● Information shown
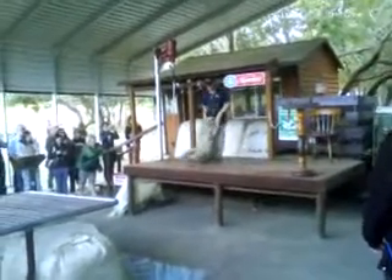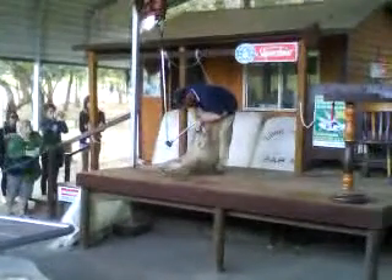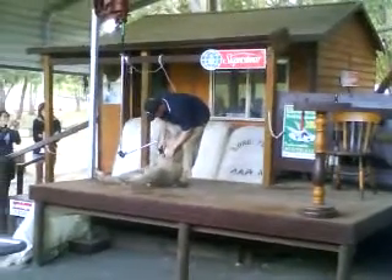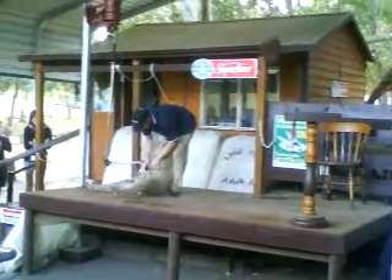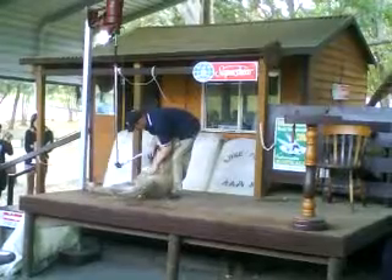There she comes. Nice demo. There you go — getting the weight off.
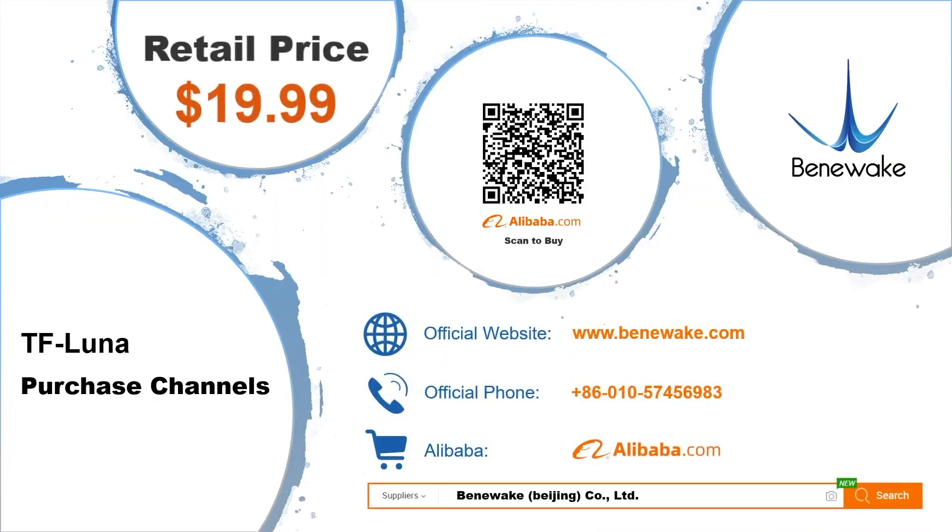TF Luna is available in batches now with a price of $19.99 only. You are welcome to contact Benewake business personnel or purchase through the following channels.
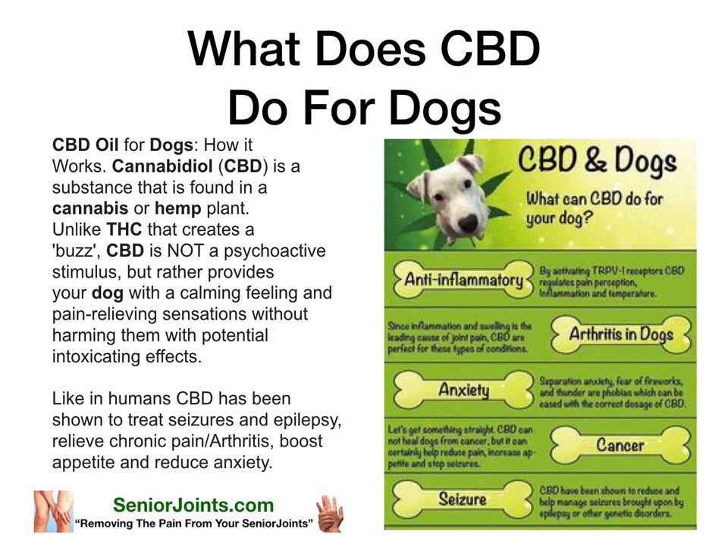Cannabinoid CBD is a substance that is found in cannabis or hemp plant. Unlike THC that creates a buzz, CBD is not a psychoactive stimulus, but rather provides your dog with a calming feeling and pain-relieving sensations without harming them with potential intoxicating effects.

● The task
Print out the complete listing above exactly, dropping each image.

● Solution to the exercise
There she comes. Nice demo. There you go — getting the weight off.
TF Luna is available in batches now with a price of $19.99 only. You are welcome to contact Benewake business personnel or purchase through the following channels.
Cannabinoid CBD is a substance that is found in cannabis or hemp plant. Unlike THC that creates a buzz, CBD is not a psychoactive stimulus, but rather provides your dog with a calming feeling and pain-relieving sensations without harming them with potential intoxicating effects.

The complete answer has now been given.